The paragraph above mentions to ways of characterizing the target–a single target for the entire database or a target normal form for each table. We’ve already seen what it means for a table to be in a normal form or satisfy it. The normal form a table satisfies is the most restrictive normal form for that table. We can extend this notion an entire database. The normal form of a database is the least restrictive normal form of any table in the database. If we have some tables in a database that are 1NF and some that are 2NF, we say the database satisfies 1NF because every table in the database meets the 1NF conditions. Since not every table meets the more restrictive 2NF, it would not be accurate to claim the entire database does. We err on the side of caution by choosing the least instead of most restrictive among the tables.

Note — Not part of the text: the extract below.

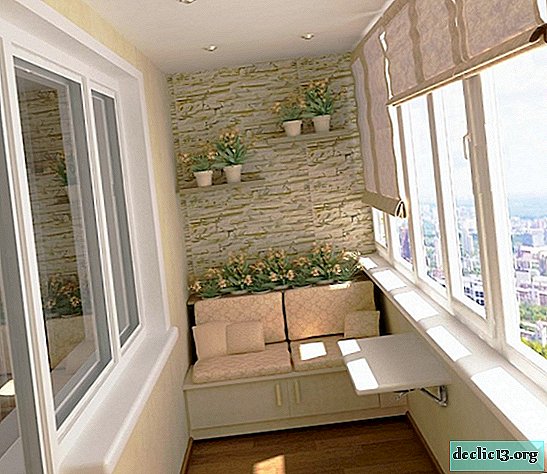 Možnosti pohištva za balkon, pa tudi priporočila za izbiro in postavitev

Boyce-Codd Normal Form (BCNF)

A relation satisfies Boyce-Codd Normal Form if it is in 2NF and has no functional dependencies on non-prime columns. (In other words, the only allowed FDs are of the form candidate key → other columns)

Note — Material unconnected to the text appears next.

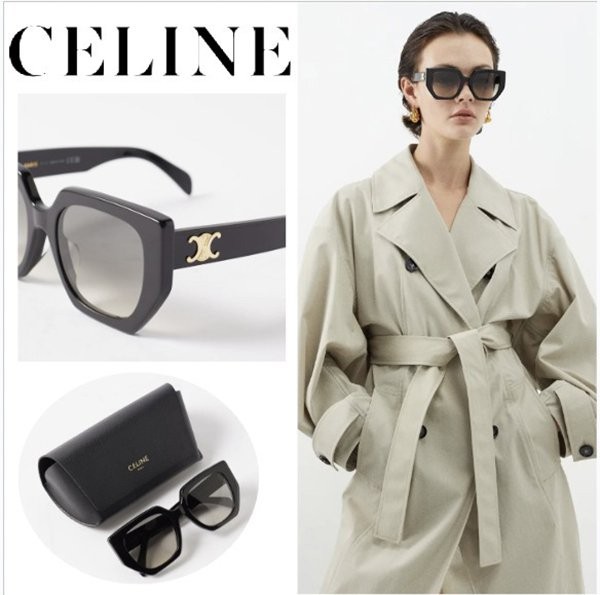 【関税・送料込】【セリーヌ】トリオンフ ストーリー オーバーサイズサングラス 偽物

Now that BCNF has been defined, we can revisit the law we saw above:

Data should depend on the key (1NF), the whole key (2NF), and nothing but the key (BCNF), so help me Codd.

Let’s imagine that we also keep track of dues sailors pay, so we also have a non-prime dues column in the Sailors table. Now here’s the part that violates BCNF: we calculate the dues based on the Sailors rating. Better sailors pay less, perhaps because they bring good publicity to the club. That means that the Sailors table in this case has these FDs: sid → sname, age, rating, dues and rating → dues. rating → dues is “bad” because it violates BCNF since rating is not a key of the table; rating is non-prime. The bad FD causes redundancy because all sailors with a particular rating will also have the same dues value. To fix this bad FD, we decompose this Sailors table to eliminate the redundancy:

The Sailors table with the “bad” FD before and after decomposition. Sailors violates 3NF before decomposition because rating is not part of a key (non-prime). After decomposition, both tables satisfy BCNF.

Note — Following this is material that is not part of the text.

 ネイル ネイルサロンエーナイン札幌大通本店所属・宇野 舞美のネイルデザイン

After decomposition, we still have the same two FDs, but they are on different tables now. On the new tables, both are PK → non-prime columns, and all is well. Both tables are BCNF.

Which Normal Form is Right for Me?

Most relational databases ensure their schema is BCNF. You can go far by simply doing this, too. If you are dealing with very specialized situations, you may make other choices. There are actually higher normal forms, and they don’t necessarily simply involve FDs beyond this point. If you need to know more about them, you need to take a graduate-level database course! There’s also one lower normal form we didn’t cover, but it’s optional. The order from least to most strict is 1NF < 2NF < 3NF < BCNF. BCNF is often called “3.5NF” because 3NF and BCNF are so similar. 3NF is older, and BCNF is simpler. Simplicity wins in I308, so we’re ignoring 3NF. If you want to know why, read the optional section below.

Optional Section: Third Normal Form (3NF)

A relation is in third normal form if it satisfies second normal form and it does not have any functional dependencies of the form non-prime column(s) → other non-prime columns

This almost seems like BCNF, because in BCNF we’re not allowed to have FDs on any non-prime columns (nothing but the key!). The difference here is we’re allowed to have FDs of the type some prime column(s) → other prime column(s). What this means in practice is that part of one candidate key may determine part of another. When tables have multiple candidate keys, they are modeling something more complicated than a record with a nice, unique id column. They are likely modeling two inter-related concepts that could be separated into two separate tables. The BCNF wikipedia page gives an example of such a table if you’re curious.